Field of Dreams – that one gets me every time. “Dad, do you wanna have a catch?” It’s my favorite movie, though Bull Durham is a close second (I named this blog because of it, after all.) But Field of Dreams captures the magic of the game in a way no other movie – or book – has ever done. Only The Natural comes close, but the book is so depressing that it ruins the magic. I’ve said over and over again how the conspiracy theorist in me believes that J.D. Salinger wrote Shoeless Joe – if I ever get back to grad school and decide to study English (among the myriads of other things I want to study), my thesis is going to be on that. I think Ray Kinsella is Holden Caulfield all grown up.

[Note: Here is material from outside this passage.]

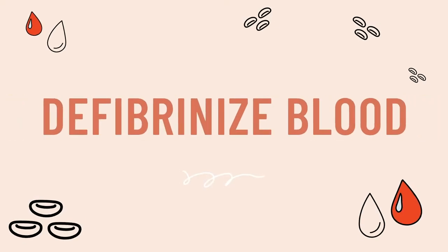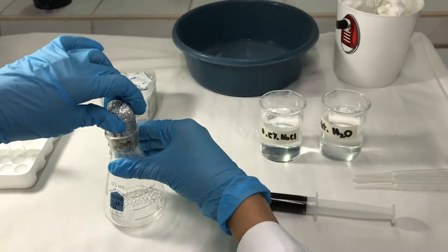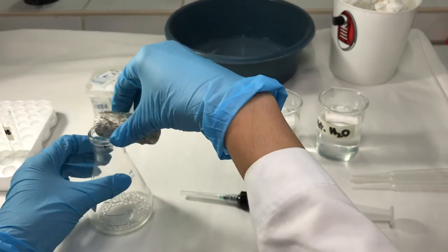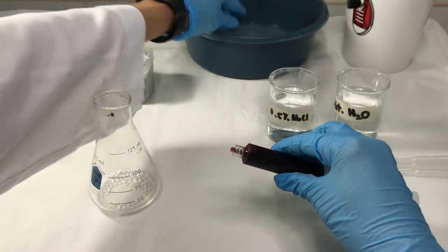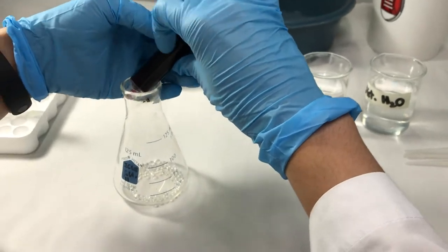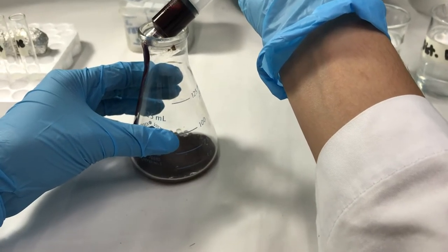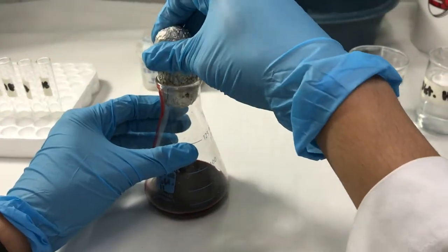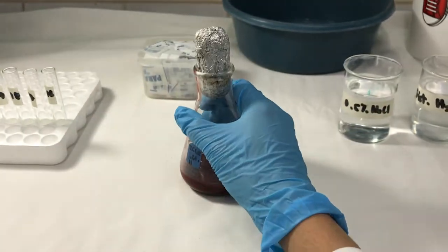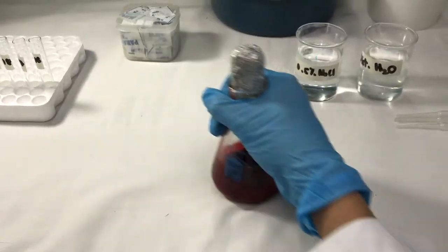The first thing you need to do is defibrinize your blood. For this procedure, you will need a flask with glass or silica beads. Use venous blood collected in a syringe. Gently place the blood into the flask by allowing it to flow down the sides. After, securely cover your flask and mix in a figure of 8 motion. Continue to do this until clots have formed around your glass beads. After, obtain an aliquot and place it in a glass tube.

Salinger turned 90 last year, and I have this irrational, desperate longing for him to live forever. He did it. He said fuck it all to the world and managed to live that way, managed to discard all of the corporate bullshit and the media vultures and all that. Those of us liberal hippy progressive whatever the heck you want to label us types who bitch about the corporate jesus can only wish we could be like Salinger as we put ads on our blogs and buy our trendy organic brands and all of that crap that makes us hypocrites, makes us the phonies that Holden hated so. But we grow up and become Ray Kinsellas and build gateways to Heaven and have reconciliations, so I guess it all works out in the end.